Há muito recurso público e trabalho de toda uma cadeia de técnicos e profissionais da educação envolvidos na implementação. No entanto, mais uma vez, por conta das circunstâncias, o diálogo e a escuta saíram prejudicados – até porque, com as escolas fechadas, ficou difícil ouvir estudantes e professores.
Nesse sentido, procede o argumento do ministro da Educação de que é preciso um grande debate, envolvendo todos os segmentos, para definir os rumos do ensino médio brasileiro.
A pergunta que surge, no entanto, é se os 90 dias previstos para a consulta pública – na verdade, o tempo já caiu para cerca de 60 dias, pois começou a contar em março – serão suficientes para equacionar tantos pontos de vista e demandas distintas.
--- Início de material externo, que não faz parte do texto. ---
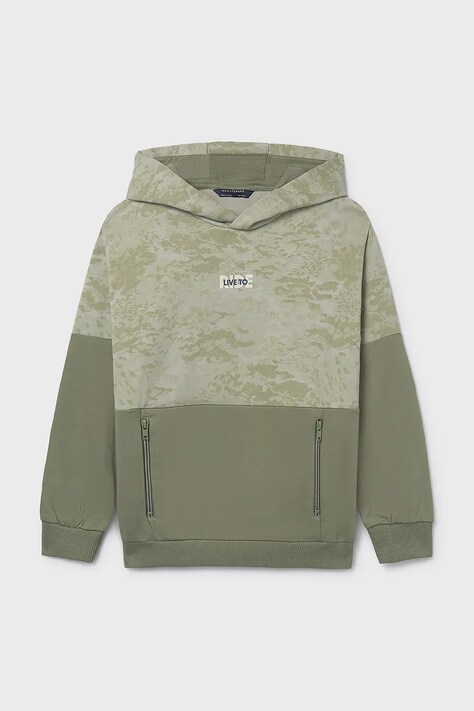 Mayoral bluza dziecięca kolor zielony z kapturem gładka 6411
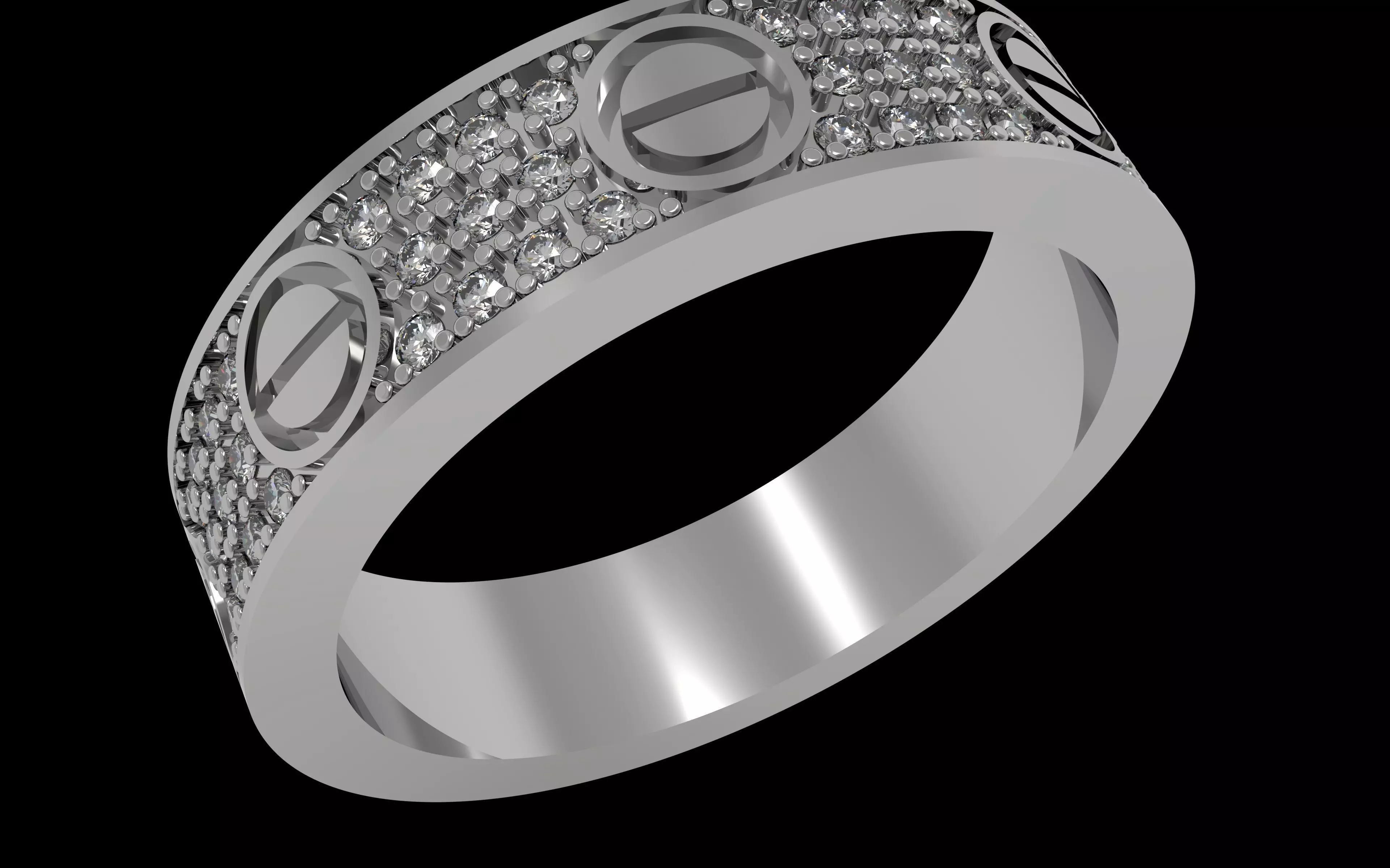 Paved Ring 18 5 mm 3D print model_2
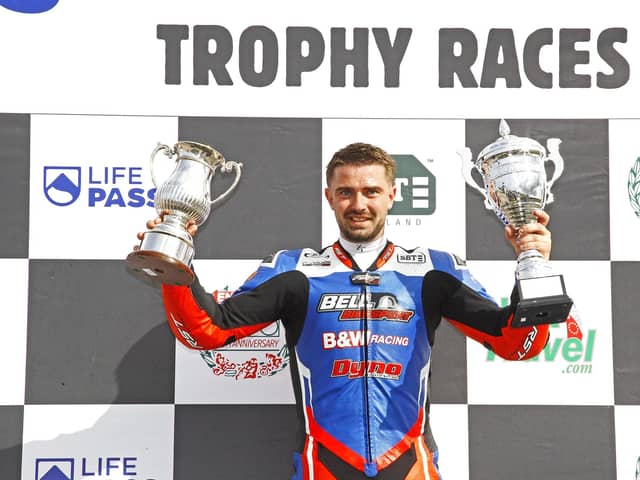 Carl Phillips (Bell Bikesport/B&W Racing BMW) dominated at the 50th anniversary Enkalon Trophy meeting on Saturday at Bishopscourt in Co Down. (Photo by Rod Neill/Pacemaker Press)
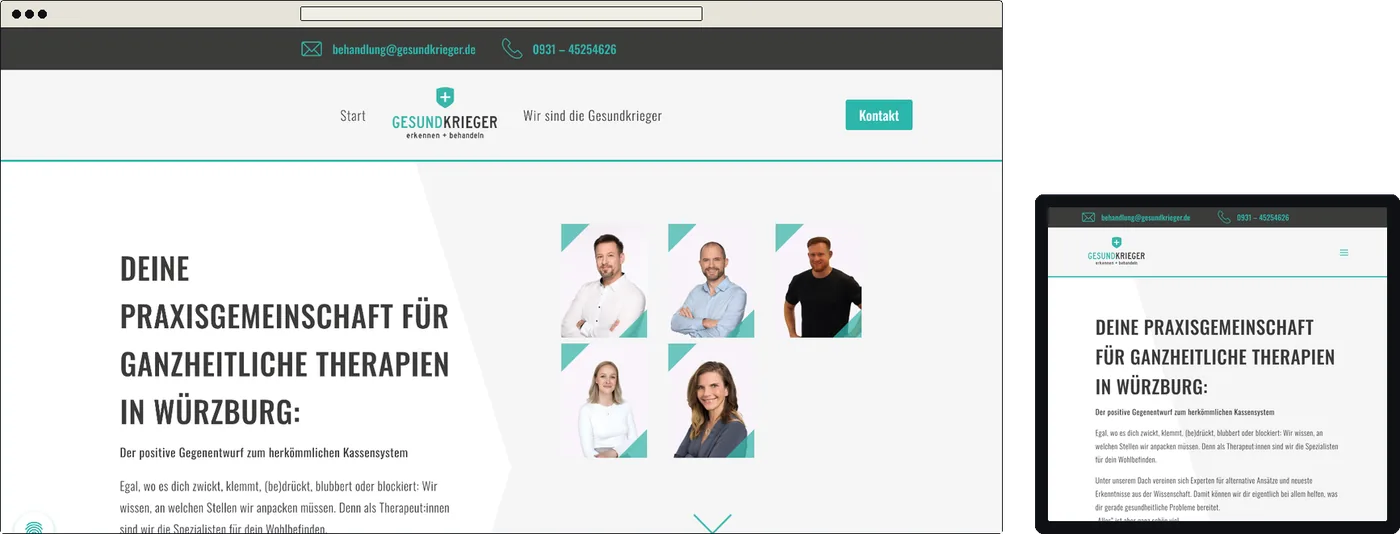 Website der Praxisgemeinschaft Gesundkrieger auf Laptop und Tablet, Startseite mit Teamfotos
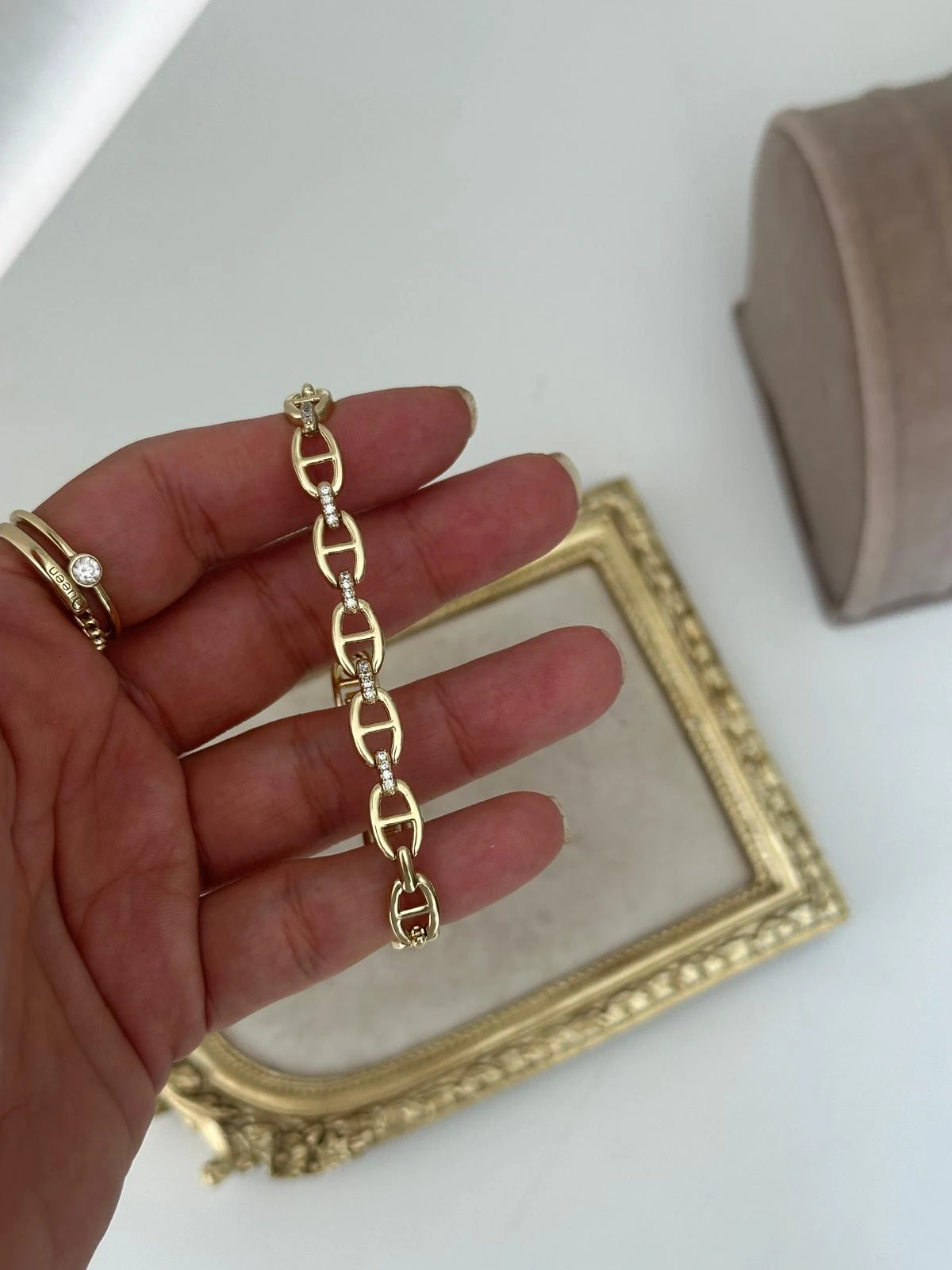 14K Gold Renkli Oval Marka Araları Taş Birleşim Bileklik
Nenhum dos lados nega a existência de problemas no velho nem no Novo Ensino Médio. Porém, eles divergem quanto à natureza deles.
Para os defensores das mudanças, os ajustes são necessários e inerentes à implementação de uma reforma do porte da que está em andamento. Eles concordam que é preciso mais recursos, repensar os itinerários, contratar mais professores e melhorar a formação docente. Mas está fora de cogitação descartar o percurso dos últimos anos.
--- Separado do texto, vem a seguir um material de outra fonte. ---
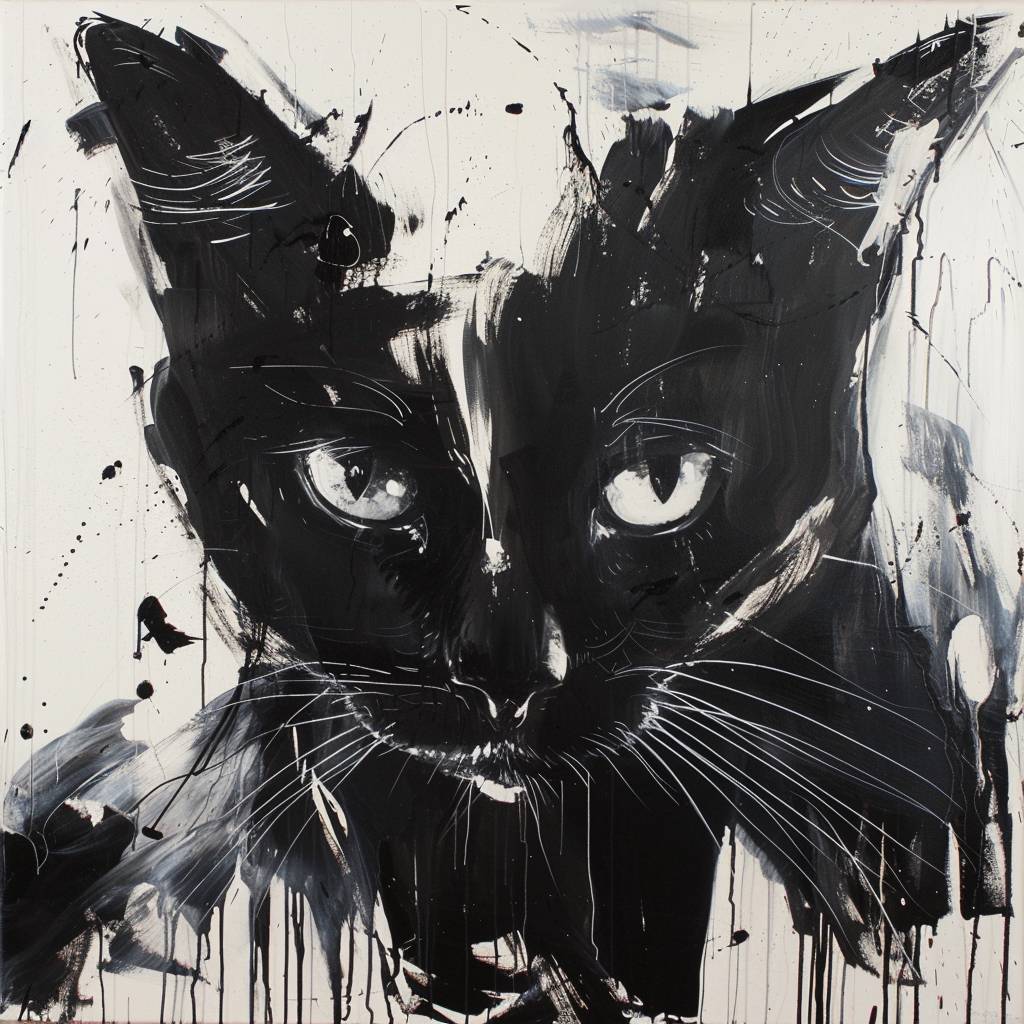 Feline animal painting in the style of Christopher Wool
Para quem quer a revogação, o problema está no desenho do Novo Ensino Médio. O entendimento é que o modelo fragmenta e precariza uma formação que, principalmente na escola pública, já deixava a desejar antes da reforma. Além disso, a formatação do novo ensino médio reforça as desigualdades, visto que há muita diferença em termos de infraestrutura, quantidade e tipos de itinerários oferecidos Brasil afora. São discrepâncias entre redes de ensino de diferentes regiões e entre escolas de uma mesma rede, sem contar as clássicas desigualdades entre escolas públicas e particulares.
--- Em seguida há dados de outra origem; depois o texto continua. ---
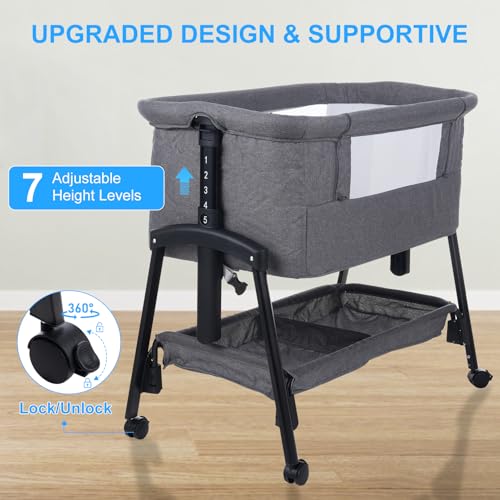 Kisdream® 3-in-1 Next to Me Crib: Baby Crib with Mattress | Co-Sleeper 5 Height Levels - Baby Cradle Folding Adjustable & Rocking - Bassinet with Wheels | Portable Cot & Bed for Travel - Image 6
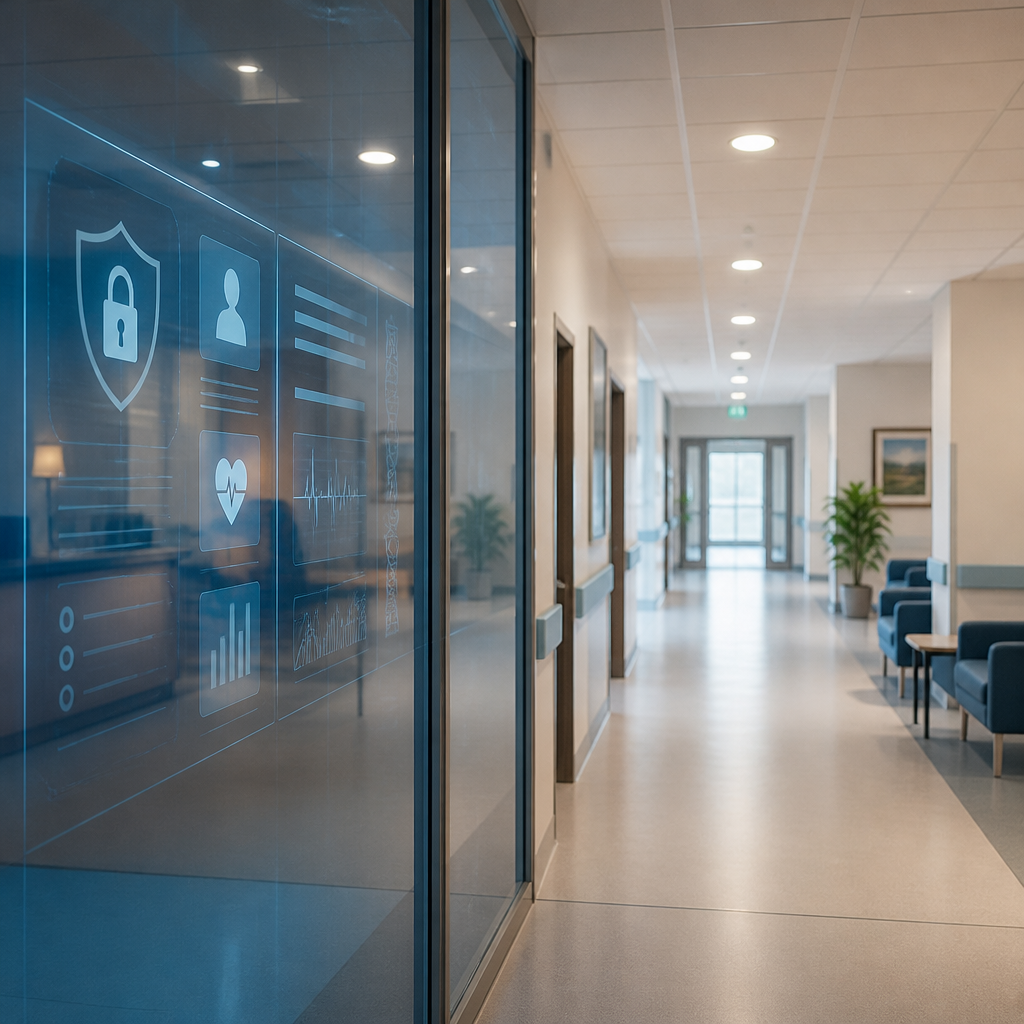 A calm hospital corridor with a secure digital health-record interface reflected on glass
Essa disputa envolve, no fundo, uma tensão inerente ao governo Lula, que se equilibra entre a lógica de uma frente ampla e uma base de esquerda. E o ministro Camilo Santana parece querer tentar equacionar essa tensão, ora declarando ser contra a revogação, ora anunciando a suspensão da portaria – medida que integra a lista de reivindicações dos defensores da revogação e está sendo interpretada como um possível avanço nessa direção. Se optar pela revogação, porém, o ministro poderá abrir uma crise com os estados, que já começaram a implementar as mudanças. Por outro lado, ignorar a campanha pela revogação e propor apenas mudanças periféricas abre caminho para uma crise com professores e estudantes, que estão articulados e ganhando espaço no debate. E o risco maior é uma greve na educação.
O cenário ainda está confuso e não será simples chegar a um consenso, porque nenhum dos lados parece estar disposto a ceder. Vale lembrar que o debate sobre o ensino médio não começou com a reforma de 2017; ele já vinha desde a virada da década, sem jamais se ter chegado a uma conclusão.
Em contrapartida, é alentador ver, depois de quatro anos de desmonte das políticas educacionais e falta de interlocução do governo federal com a sociedade, pessoas com visões divergentes se reunindo para debater os problemas da educação.
Só que, enquanto isso, uma geração de jovens convive com um horizonte nebuloso à sua frente. O sonho de entrar na faculdade continua sendo um sonho para a maioria, e as oportunidades entre ricos e pobres, negros e brancos continuam escandalosamente desiguais. O MEC terá de levar tudo isso em conta na hora de decidir.